According to Halliday, good theory should be conceptually comprehensible and rigorous, have historical context, appropriate to frame analysis and research agenda, and engage with ethical issues. In addition, Halliday agrees to classify IR theory into analytic and normative theories, where the former is composed of set of concepts designed to elucidate how international relations work; the latter is concerned about concepts and norms (Halliday, 2005, p.21).

Halliday elaborates IR literature on the Middle East into five broad categories: historical analysis, foreign policy analysis, realist paradigm and its modifications, ideational explanations, and historical and international sociology (2005, p.24). Historical analysis concerns about the history of a country’s foreign policy in a limited frame and tries to explain why and how state activity takes place through that historical narrative. It is more descriptive than explanatory (Sasley, 2011, pp.12-15). Historical explanations are potent to shed greater insight into the knowledge of Middle Eastern societies than some claimants of IR theory (Halliday, 2005, p.24).

IR realist scholars prioritize the state as the leading institution and the one to which theories much point, in contrast to that in the case of the Middle East itself, it is non-state actors who often control domestic and regional politics more (Halliday, 2005, pp.27-30).

Hinnebusch and Ehteshami (2005, p.1) assume that in the Middle East the state is the main actor in foreign policy and its elites have an interest in maximizing the autonomy and security of the state. They agree to the realist claim that Middle East state system result in anarchy as a built-in characteristic.

According to Hinnebusch (2005) neorealism holds that systemic insecurity makes regular behavior, notably balancing against threats, but this is merely typical to the extent that a state system of relatively sovereign unified states is consolidated. However, for Hinnebusch the Middle Eastern state system is not yet consolidated, the dynamics of systemic level would have slight effect on state behavior (Hinnebusch & Ehteshami, 2005).

According to Hinnebusch foreign policies of the Middle East states are shaped around three conceptually diverse environments. The first is the domestic level, which he relies on theories of state building. The second is regional systemic level and the third the global level, that he relies on structural explanations of international relations where core-periphery relations are seen as a basic feature of Middle Eastern states (Hinnebusch & Ehteshami, 2005, pp.3-6).

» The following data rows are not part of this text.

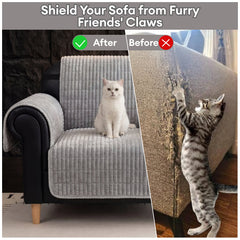 Waterproof One-Piece Cozy Flannel Sofa Covers Non-Slip Recliner Armchair Covers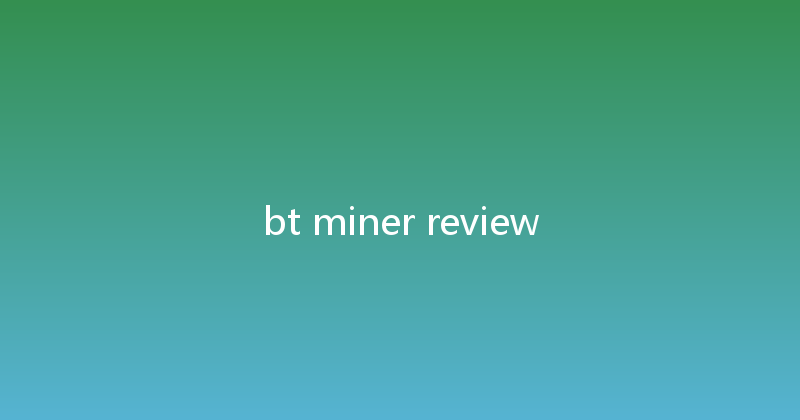 bt miner review 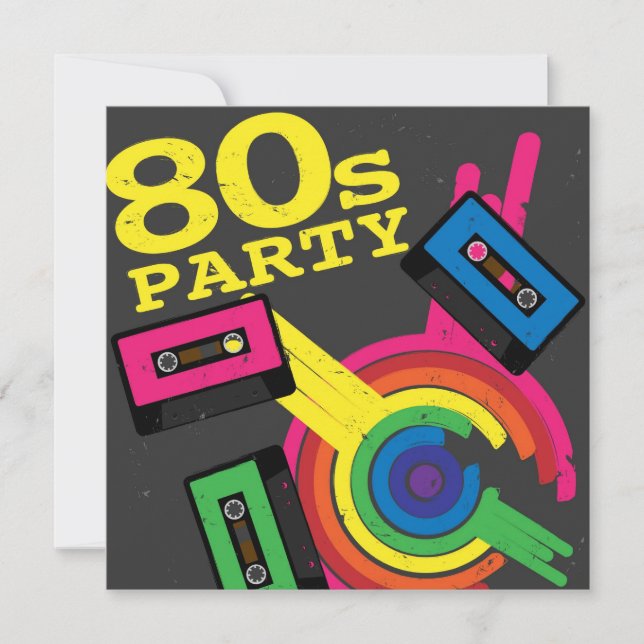80er-Party Einladung (Vorderseite)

Hinnebusch argues that world system had contradictory influences on the foreign policies of local states in the Middle East (Hinnebusch & Ehteshami, 2005, p.6).

Illustrating Arab Spring

This article is to shed light on Egypt revolution, that the Muslim Brotherhood played a leading role (Johnson, 2011) in uprising revolution and its wake. According to Barry Rubin, Director of Global Research in International Affairs (GLORIA) Center, the causes for this revolution in Longer-term, was the failure of the Arab nationalist regimes that have governed the Arab world since the 1950s and early 1960s. Their inability to keep their promises--pan-Arab union, rapid social and economic progress, genocide against Israel, driving out Western influences--have long been clear. Their corruptions, lack of freedom, and economic shortcomings have long been clear. On the other hand, immediate causes include elite dissatisfaction with the succession of Mubarak's son and especially hard times economically (K. A. Khidhir, personal communication, November 25, 2011).

Protestors who led Egypt's revolt were young, liberal, and open minded. They were the bloggers who first proposed the demonstrations against Hosni Mubarak, resigned Egypt president, on Twitter; Facebook activists who were sending invitations for their friends to protest. One of the leading activists was Wael Ghonim, the 30-year-old Google executive who, after Egypt's state security agency detained him for 12 days, rallied the crowds to hold Tahrir Square (Trager, 2011). These activists refuted Religious and traditional ideologies, like claims by Ayatollah Ali Khamenei, and calling for civil liberties, religious equality and tolerance, and an end to dictatorship (Dickey,2011).

In order to avoid emergence of Islamic parties, the West has accepted and justified of the worst dictatorships in the Arab world. And it was these very regimes that demonized their Islamist rivalries, particularly Egypt's Muslim Brotherhood, that historically represents the first well-organized mass movement with the political impact to match (Ramadan, 2011a). For more than 60 years, the Brotherhood has been illegal but tolerated. It has demonstrated a powerful capacity to mobilize the people in each relatively democratic election, where it has been a participant (Ramadan, 2011b).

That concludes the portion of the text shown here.